I pity mothers, too, down South,

Altho’ they sat amongst the scorners.

It is a curious experience, and one well worth trying, this ten days’ voyage. When you go on board at Liverpool, and look round at the first dinner, there are probably not half a dozen faces you ever saw before. By the time you walk out of the ship, bag in hand, on to the New York landing-place, there are scarcely half a dozen with» whom you have not a pleasant speaking acquaintance; while with a not inconsiderable number you feel (unless you have had singularly bad luck) as if you must have known them intimately for years, without having been aware of it. As you touch the land, the express men and hotel touts rush on you, and the spell is broken. The little society resolves itself at their touch into separate atoms, which are whirled away, without time to wish one another God-speed, into the turbulent ocean of New York life, never again to be gathered together as a society in this world, for worship, for food, or fun. “The present life of man, 0 king!” said a Saxon thane in Edwin’s Witenagemot, when they were consulting whether Augustine and his priests should be allowed to settle at Canterbury, “reminds me of one of your winter feasts where you sit with your thanes and counsellors. The hearth blazes in our midst, and a grateful heat is spread around, while storms of rain and snow are raging without. A little sparrow enters at one door and flies delighted around us, till it departs through the other. Such is the life of man, and we are as ignorant of the state which went before us as of that which will follow it. Things being so,” went on the thane, “I feel that if this new faith can give us more certainty, it deserves to be received,”—which last sentiment has, I allow, no bearing on the present subject, nor, perhaps you will say, has the rest of it.
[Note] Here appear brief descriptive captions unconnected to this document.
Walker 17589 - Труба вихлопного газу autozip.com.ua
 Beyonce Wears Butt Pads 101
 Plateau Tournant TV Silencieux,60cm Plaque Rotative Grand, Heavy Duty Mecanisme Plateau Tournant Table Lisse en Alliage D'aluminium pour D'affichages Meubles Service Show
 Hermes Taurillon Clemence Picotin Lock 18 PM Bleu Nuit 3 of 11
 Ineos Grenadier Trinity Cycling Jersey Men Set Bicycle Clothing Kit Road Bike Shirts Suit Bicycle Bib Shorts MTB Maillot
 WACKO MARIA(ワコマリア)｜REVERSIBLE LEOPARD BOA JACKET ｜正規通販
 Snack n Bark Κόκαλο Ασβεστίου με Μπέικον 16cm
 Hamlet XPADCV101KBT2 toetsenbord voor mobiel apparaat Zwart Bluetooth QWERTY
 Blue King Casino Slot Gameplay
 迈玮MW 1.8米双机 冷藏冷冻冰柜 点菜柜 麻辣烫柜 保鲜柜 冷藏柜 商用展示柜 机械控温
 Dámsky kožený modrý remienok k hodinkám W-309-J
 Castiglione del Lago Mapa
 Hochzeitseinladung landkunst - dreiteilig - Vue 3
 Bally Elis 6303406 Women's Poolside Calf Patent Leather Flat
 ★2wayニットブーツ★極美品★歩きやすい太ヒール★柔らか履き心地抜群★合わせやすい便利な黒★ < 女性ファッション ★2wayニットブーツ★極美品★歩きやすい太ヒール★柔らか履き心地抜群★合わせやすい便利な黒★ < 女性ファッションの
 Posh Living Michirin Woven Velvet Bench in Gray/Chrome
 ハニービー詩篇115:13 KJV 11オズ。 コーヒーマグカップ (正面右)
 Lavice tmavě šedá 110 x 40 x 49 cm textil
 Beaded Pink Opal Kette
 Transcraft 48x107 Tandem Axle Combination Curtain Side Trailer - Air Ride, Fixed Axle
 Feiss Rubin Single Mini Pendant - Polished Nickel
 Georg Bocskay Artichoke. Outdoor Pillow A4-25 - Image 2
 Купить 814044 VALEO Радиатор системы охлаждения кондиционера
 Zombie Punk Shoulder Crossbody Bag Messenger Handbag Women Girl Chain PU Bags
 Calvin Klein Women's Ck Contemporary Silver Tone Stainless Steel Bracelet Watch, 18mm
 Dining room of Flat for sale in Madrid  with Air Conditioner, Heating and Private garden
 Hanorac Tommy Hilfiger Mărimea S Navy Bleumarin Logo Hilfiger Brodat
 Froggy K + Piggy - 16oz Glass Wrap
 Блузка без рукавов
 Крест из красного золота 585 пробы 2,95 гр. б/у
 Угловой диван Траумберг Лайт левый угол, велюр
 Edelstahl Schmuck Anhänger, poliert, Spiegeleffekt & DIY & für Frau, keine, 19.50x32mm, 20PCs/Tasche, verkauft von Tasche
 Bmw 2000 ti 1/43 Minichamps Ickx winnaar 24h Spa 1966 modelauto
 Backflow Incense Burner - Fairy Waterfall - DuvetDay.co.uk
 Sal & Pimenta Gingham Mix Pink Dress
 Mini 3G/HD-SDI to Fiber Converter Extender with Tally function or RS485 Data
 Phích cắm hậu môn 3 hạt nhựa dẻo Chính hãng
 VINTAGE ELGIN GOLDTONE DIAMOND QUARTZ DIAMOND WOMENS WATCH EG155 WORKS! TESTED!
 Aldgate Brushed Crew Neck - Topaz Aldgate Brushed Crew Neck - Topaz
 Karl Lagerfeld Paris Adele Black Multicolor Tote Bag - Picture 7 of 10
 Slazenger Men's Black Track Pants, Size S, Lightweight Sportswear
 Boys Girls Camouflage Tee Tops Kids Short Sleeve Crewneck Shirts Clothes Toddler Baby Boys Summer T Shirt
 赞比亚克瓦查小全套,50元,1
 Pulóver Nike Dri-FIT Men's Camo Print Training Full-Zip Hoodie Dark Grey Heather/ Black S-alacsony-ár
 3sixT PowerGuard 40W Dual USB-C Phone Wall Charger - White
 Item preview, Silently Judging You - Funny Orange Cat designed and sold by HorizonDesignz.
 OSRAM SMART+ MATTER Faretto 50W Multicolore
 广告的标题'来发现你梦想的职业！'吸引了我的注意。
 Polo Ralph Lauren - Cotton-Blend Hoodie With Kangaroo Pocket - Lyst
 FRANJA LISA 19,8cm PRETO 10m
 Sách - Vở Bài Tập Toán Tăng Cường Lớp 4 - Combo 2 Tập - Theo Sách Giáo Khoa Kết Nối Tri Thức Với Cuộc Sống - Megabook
But somehow the old story came into my head so vividly as I was leaving the steamer, that I feel like tossing it on to your readers, to see what they can make of it; though I own, on looking at it again, I am not myself clear as to the interpretation, or whether I am the sparrow or the thane.

New York is more overwhelming than ever,—surely the most tremendous human mill on this planet; but I must not begin upon it at the end of a letter.